Het werk van Arabische wiskundigen is van grote invloed op de ontwikkeling van de algebra, het oplossen van vergelijkingen. Het woord 'algebra' (al-jabr) verraadt deze invloed. Vanuit de Griekse traditie worden vergelijkingen vooral meetkundig opgevat. De taal waarin vergelijkingen geschreven worden verandert aan het eind van de zestiende eeuw, van complete verhalen naar symbolische vergelijkingen.
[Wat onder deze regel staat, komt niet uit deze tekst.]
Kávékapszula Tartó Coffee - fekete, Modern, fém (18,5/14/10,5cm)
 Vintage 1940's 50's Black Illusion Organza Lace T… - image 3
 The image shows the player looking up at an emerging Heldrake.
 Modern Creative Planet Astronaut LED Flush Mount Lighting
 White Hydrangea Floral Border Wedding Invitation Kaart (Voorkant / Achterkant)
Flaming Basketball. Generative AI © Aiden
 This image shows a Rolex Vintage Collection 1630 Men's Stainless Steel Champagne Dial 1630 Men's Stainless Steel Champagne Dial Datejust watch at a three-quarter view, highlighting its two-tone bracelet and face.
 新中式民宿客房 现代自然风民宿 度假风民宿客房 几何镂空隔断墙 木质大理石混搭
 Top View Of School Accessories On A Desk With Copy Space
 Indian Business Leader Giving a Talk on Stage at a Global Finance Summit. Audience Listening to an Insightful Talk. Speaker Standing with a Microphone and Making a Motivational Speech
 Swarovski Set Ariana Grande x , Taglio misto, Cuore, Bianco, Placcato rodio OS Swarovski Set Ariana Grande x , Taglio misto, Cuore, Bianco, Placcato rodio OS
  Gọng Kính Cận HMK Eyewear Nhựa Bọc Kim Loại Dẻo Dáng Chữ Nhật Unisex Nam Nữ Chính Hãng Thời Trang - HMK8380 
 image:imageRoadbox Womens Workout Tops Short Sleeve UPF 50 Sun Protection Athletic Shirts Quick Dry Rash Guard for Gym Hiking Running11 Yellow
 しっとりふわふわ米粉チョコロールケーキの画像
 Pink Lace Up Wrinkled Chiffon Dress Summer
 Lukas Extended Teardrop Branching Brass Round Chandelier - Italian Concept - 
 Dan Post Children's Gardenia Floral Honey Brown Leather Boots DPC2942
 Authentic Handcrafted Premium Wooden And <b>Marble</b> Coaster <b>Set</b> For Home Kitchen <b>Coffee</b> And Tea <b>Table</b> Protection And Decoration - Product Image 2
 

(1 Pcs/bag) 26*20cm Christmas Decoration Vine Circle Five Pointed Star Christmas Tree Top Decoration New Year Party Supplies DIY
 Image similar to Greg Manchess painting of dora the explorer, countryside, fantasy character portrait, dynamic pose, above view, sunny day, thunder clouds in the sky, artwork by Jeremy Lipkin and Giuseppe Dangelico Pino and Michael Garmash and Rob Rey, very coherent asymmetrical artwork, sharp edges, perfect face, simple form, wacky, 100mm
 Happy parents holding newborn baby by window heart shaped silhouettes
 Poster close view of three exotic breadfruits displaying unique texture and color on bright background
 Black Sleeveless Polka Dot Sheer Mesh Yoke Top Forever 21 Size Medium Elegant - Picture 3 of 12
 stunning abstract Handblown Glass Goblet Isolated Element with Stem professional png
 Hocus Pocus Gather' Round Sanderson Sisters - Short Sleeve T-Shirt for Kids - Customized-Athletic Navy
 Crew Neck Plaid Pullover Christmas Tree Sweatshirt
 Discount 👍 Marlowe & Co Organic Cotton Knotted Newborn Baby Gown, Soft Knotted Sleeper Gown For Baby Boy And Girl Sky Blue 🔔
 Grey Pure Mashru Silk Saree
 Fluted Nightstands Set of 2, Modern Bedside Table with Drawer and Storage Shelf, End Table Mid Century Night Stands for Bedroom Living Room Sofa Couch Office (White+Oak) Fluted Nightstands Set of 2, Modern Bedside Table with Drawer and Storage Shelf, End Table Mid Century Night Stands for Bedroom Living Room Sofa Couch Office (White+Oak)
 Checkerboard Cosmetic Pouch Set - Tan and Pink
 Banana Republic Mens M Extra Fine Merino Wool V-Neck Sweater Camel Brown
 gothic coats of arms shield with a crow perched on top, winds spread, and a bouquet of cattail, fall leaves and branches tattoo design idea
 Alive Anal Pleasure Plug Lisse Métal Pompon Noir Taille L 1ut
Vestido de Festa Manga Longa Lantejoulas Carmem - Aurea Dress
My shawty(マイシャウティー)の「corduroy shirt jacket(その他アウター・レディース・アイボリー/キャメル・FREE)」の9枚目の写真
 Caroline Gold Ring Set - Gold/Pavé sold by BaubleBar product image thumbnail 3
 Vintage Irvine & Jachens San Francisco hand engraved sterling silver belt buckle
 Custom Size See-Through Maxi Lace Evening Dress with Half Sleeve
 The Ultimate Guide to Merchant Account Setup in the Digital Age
Meten in de astronomie is van oorsprong nauw verbonden geweest met het bepalen van hoeken. Het bolvormige heelal en de cirkelvormige planeetbanen hebben aanleiding gegeven om voor deze hoekbepaling cirkelbogen en koorden te gebruiken. We zien hierin de voorloper van onze huidige goniometrie. Indiase wiskundigen zijn de eersten die halve koorden in plaats van hele gebruiken. Hetgeen berekeningen aanzienlijk eenvoudiger maakt. Er komen uitgebreide tabellen waarin hoeken vergeleken worden met halve koorden. Arabische en West-Europese wiskundigen bouwen hier in de middeleeuwen op voort.

Ten slotte worden kegelsneden bekeken. De planeetbanen blijken uiteindelijk niet geheel cirkelvormig te zijn. Het alternatief wordt door Kepler gevonden in een van de kegelsneden, namelijk de ellips. Tot dan toe is het wiskundig denken over parabolen, ellipsen en hyperbolen bijna volledig bepaald door het werk van de Griekse wiskundige Apollonios.

Uiteraard geeft dit hoofdstuk allesbehalve een volledig beeld van de klassieke wiskunde. Het is hooguit een eerste kennismaking met een aantal facetten die ook een rol spelen in de zestiende-eeuwse sterrenkunde.